Mostrando entradas con la etiqueta relatos. Mostrar todas las entradas
Mostrando entradas con la etiqueta relatos. Mostrar todas las entradas

7 de diciembre de 2015

Remenbranza de una lejana Navidad

Mis primeros recuerdos navideños están teñidos de melancolía, e inevitablemente fundidos a  la añoranza de un padre que murió demasiado pronto, pues ni siquiera le dio tiempo a cumplir los cincuenta años. Nos abandonó, (caprichos del destino), una fría mañana de primeros de Diciembre, semanas antes de Navidad. Pese a todo guardo retazos de navidades felices. Él sabía sorprender a una niña llenando su cama de juguetes, el día de Reyes convirtiendo la magia en realidad y sacándome una gran sonrisa. Su presencia estará  ligada a mí en lo más profundo para siempre, aunque mi infancia fuera breve, por la hendidura de su ausencia a la tierna edad de siete años. 
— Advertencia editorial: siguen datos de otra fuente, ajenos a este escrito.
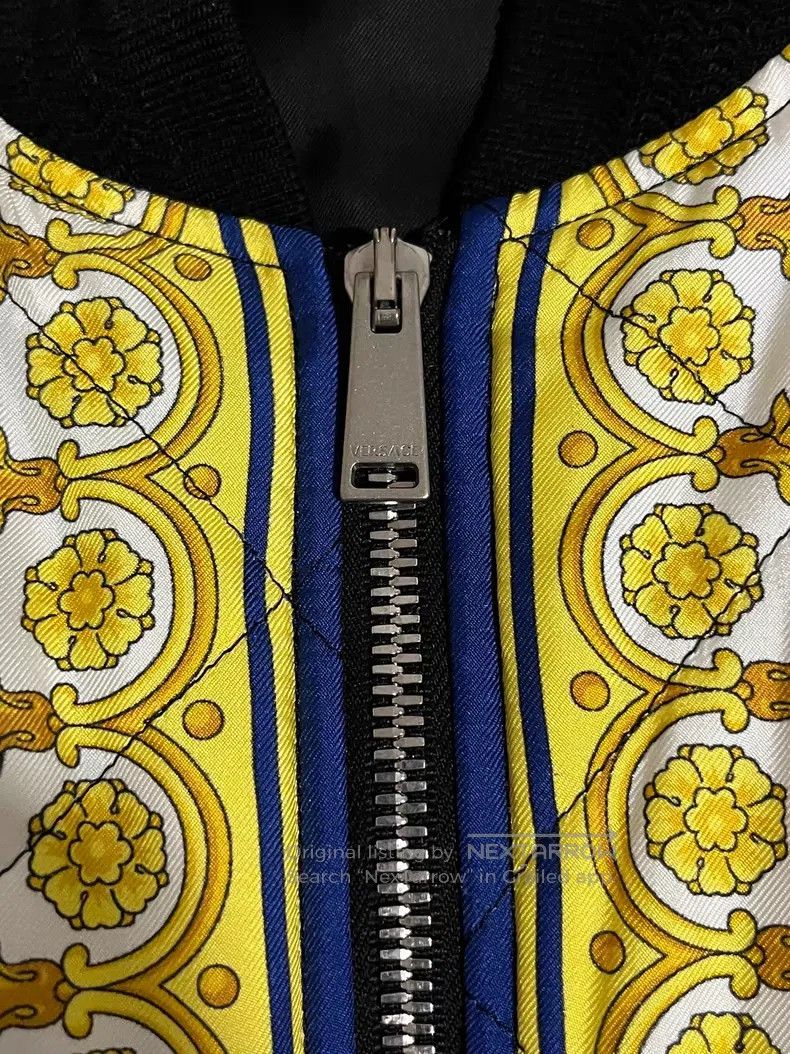 Versace Versace Jacket jacket cotton suit Size US L / EU 52-54 / 3 - 3 Thumbnail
Pero no voy a hablar de la tristeza que me produjo su partida, sino de los buenos recuerdos, repletos de risas, regalos y tarjetas de felicitación llegadas de distintos puntos de la geografía española siempre por esas fechas. Las conservo todas en una caja, año tras año han ido acumulándose y ya son unos cuantos. Lástima que las nuevas tecnologías hayan terminado con tan bonita tradición. De vez en cuando les echo un vistazo con nostalgia, y acaricio la escritura de mis tíos, (ya fallecidos), y los imagino escribiendo esas breves frases para mí y mi madre con todo su cariño.


Nuestra familia fue obligada a emigrar de su tierra, Extremadura, a principios de los sesenta, como tantas y tantas otras, avocadas a renunciar al contento de una vida pobre pero colmada de toda una retahíla de ancestros lejos en el tiempo, algunos con historias legendarias, y forzados a dejar a sus mayores, (abuelos o padres), sin saber si la fortuna les sería favorable, y podrían regresar algún día con unos cuartos, para visitarles, aunque fuera por última vez y darles el postrero adiós. Otros también se despidieron de sus mujeres e hijos, prometiéndoles que en cuanto tuvieran un trabajo duradero volverían a estar juntos de nuevo.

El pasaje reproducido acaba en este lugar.